Short descriptive text snippets
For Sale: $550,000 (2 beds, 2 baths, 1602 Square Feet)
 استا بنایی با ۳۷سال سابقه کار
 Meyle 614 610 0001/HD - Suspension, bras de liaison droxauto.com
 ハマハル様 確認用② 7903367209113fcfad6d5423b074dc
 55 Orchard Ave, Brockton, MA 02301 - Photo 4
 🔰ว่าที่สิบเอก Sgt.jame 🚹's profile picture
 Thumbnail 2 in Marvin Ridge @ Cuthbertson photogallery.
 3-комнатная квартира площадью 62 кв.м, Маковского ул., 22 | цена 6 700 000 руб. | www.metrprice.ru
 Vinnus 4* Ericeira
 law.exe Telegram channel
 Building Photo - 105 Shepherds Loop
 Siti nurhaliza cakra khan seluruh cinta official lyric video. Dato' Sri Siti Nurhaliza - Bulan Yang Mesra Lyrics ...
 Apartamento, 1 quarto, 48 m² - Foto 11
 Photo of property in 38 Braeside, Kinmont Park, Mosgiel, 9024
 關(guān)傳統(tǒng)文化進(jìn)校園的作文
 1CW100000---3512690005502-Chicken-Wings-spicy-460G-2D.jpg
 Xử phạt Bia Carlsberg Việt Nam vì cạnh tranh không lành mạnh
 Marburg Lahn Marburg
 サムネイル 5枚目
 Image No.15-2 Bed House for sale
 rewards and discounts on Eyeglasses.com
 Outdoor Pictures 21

• **REQUIRED ACTION**: Each line from the one with "Marburg Lahn Marburg" through the end of the entries above must be set down exactly, both end lines included, and no other line may appear.

• **ANSWER BOX**:
 Marburg Lahn Marburg
 サムネイル 5枚目
 Image No.15-2 Bed House for sale
 rewards and discounts on Eyeglasses.com
 Outdoor Pictures 21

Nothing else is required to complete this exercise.